Disclaimer: This article may contain information about third-party products. Such information is for reference only. Alibaba Cloud does not make any guarantee, express or implied, with respect to the performance and reliability of third-party products, as well as potential impacts of operations on the products.
Question
After the health check of TCP listeners is enabled, network Connection errors such as Connection reset by peer
are frequently recorded in the service logs of the backend servers. The results of network packet capture show that the requests come from the SLB instance and the SLB instance sends RST packets to the backend server to terminate the connection.
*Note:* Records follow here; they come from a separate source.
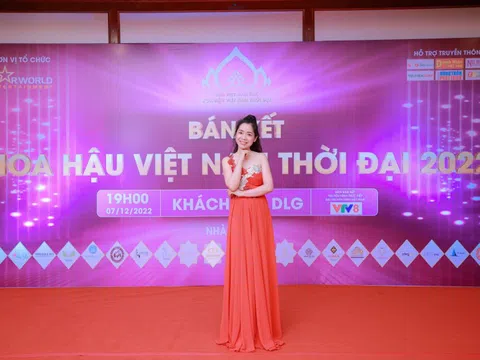 Ngắm thí sinh Hoa hậu Việt Nam Thời đại 2022 nóng bỏng trong đêm bán kết với trang phục Bikini đến từ thương hiệu Áo tắm Cẩm Tiên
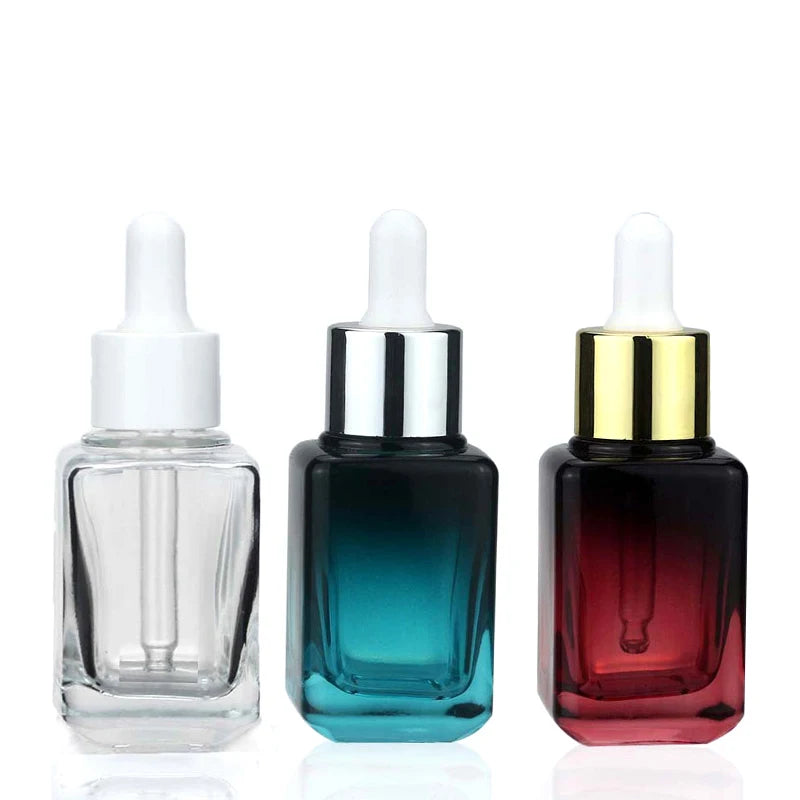 2025 Custom Glass Dropper Bottle 30ml 35ml Red Serum Dropper Bottle for Essential Oils Perfume Essence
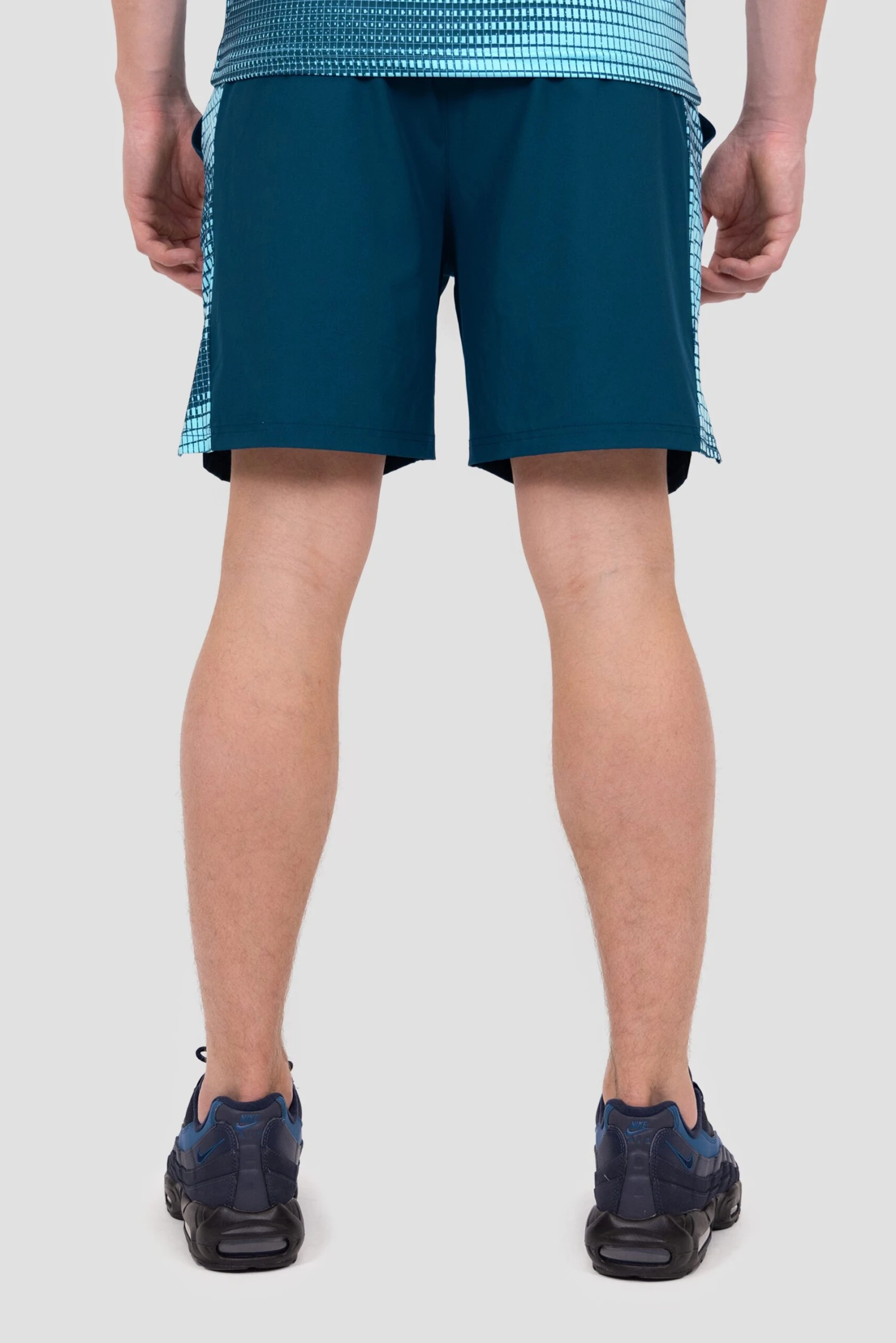 Peak Print Short - Abyssal/Neon Sky 4 Peak Print Short - Abyssal/Neon Sky - Image 4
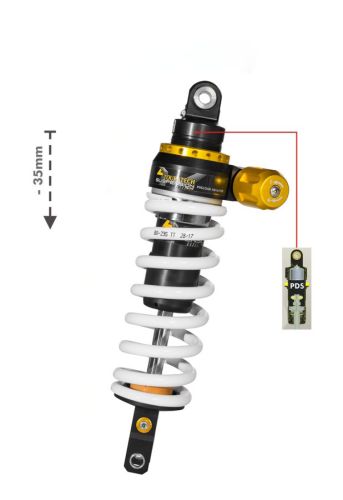 01-632-5865-0 Touratech Suspension lowering (-35mm) for Yamaha 700 Tenere (2019-) Type Level2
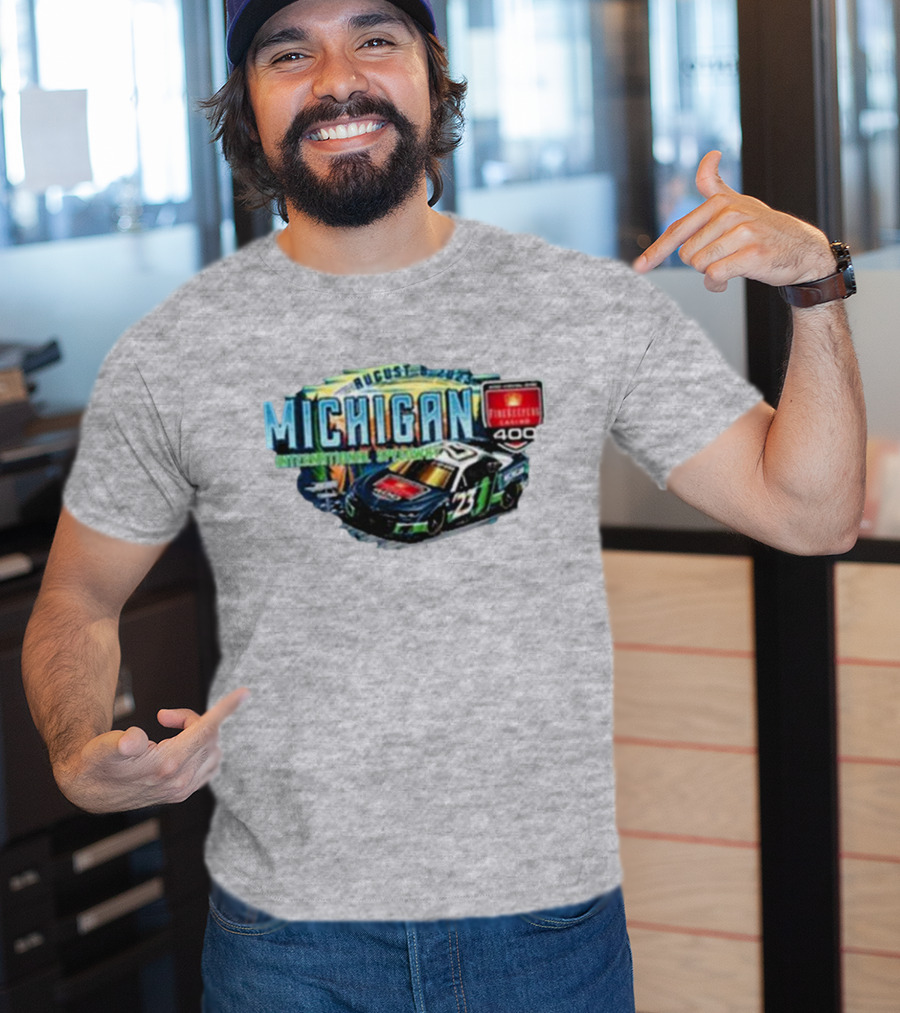 August Michigan International Speedway FireKeepers Casino 400 Race Car 23 T-Shirt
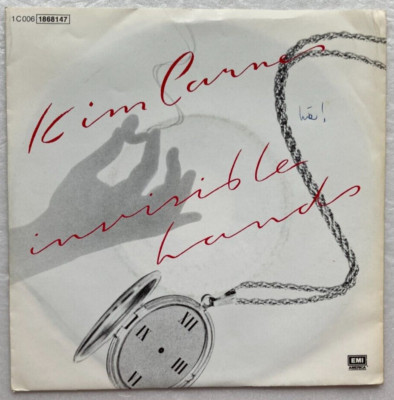Kim Carnes - Invisible Hands - 7'' near mint - mit Promo Sheet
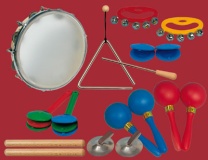 Rhythmusset, Mini-Set 4, 17-teilig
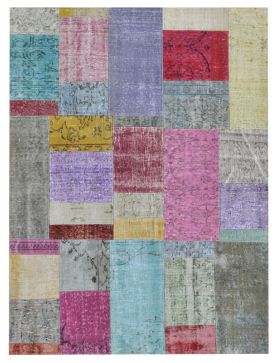 Patchwork Carpet  multicolor  <br/>201 x 148 cm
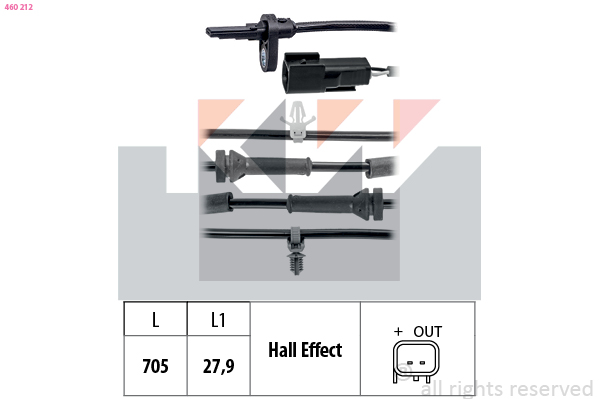 ABS sensor KW 460 212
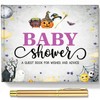 27 Pcs Halloween Baby Shower Guest Book with Sonogram Page
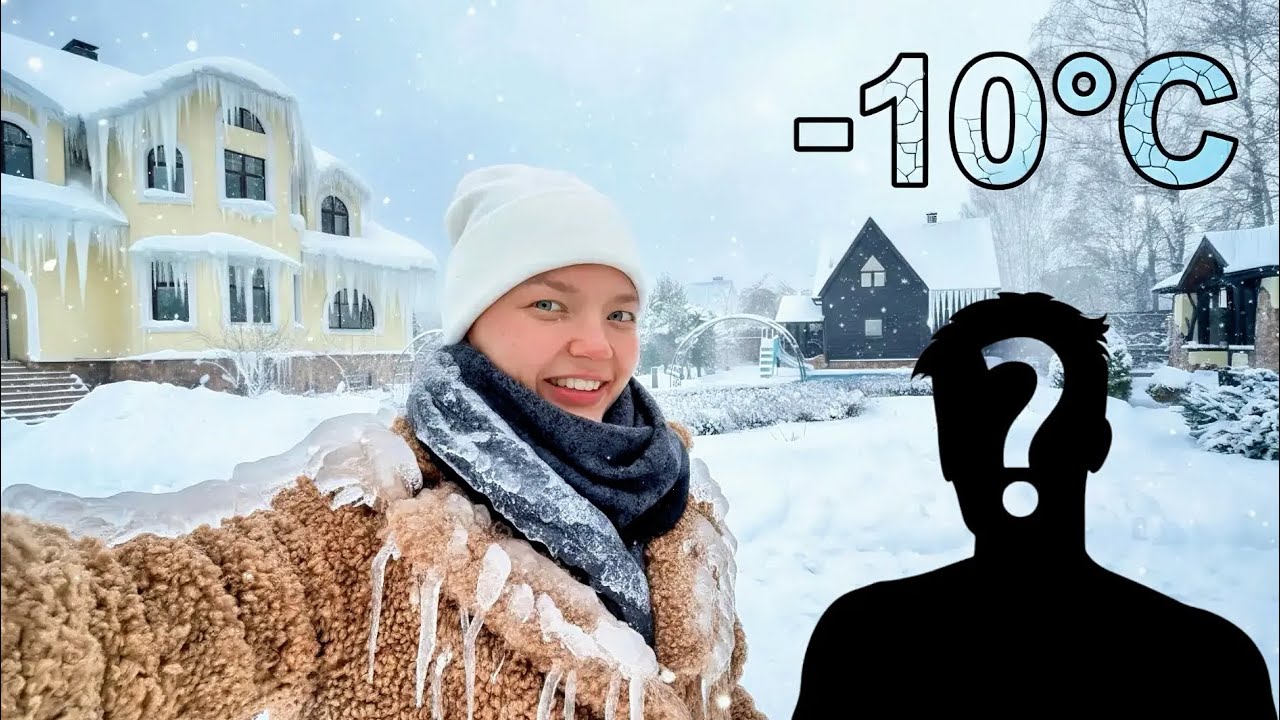 I Took My Indian Boyfriend to Russia: His First Snow | Vlog Part 1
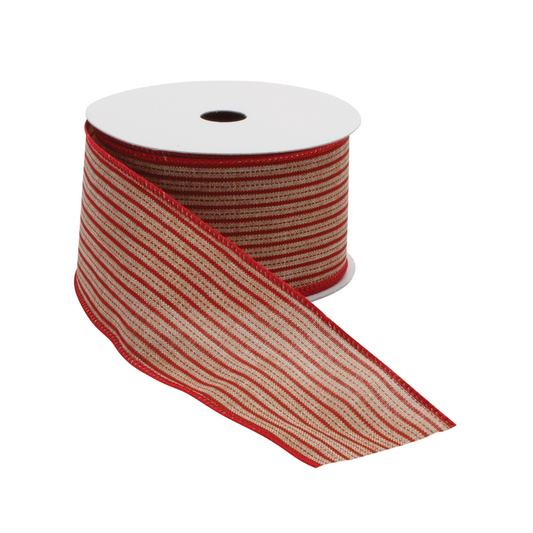 Holiday Stripe Ribbon (Set of 2) -Ship Only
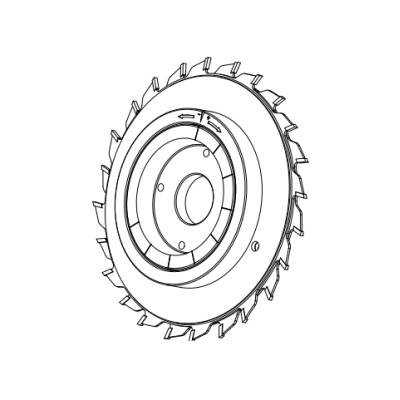 Пила підрізна FABA PL-405S 125x2.8/3.6/22GMHV  - 2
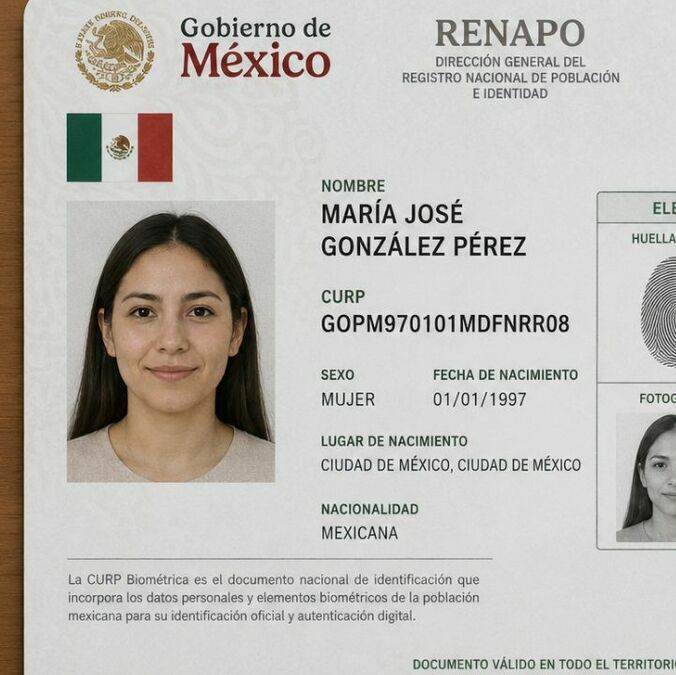 Durante julio, algunas personas ya pueden obtener la CURP Biométrica en los módulos habilitados por el Renapo. Foto: ChatGPT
The error information in business logs is as follows:
Cause
This problem is related to the health check mechanism of SLB. The TCP protocol is not aware of the state of the upper-layer services, and in addition to reducing health check costs and the impact on backend services, server load balancer only performs a simple TCP three-way handshake for the health check of TCP listening, and then directly sends RST data packets to terminate the TCP connection, with no further service data interaction. The upper-layer application considers that the Connection is abnormal, such as the Java Connection pool. Therefore, the application throws a Connection reset by peer
exception. The detailed data interaction process is as follows:
- The server load balancer instance sends an SYN request packet to the backend service port.
- The backend server replies with SYN and ACK if the port is normal.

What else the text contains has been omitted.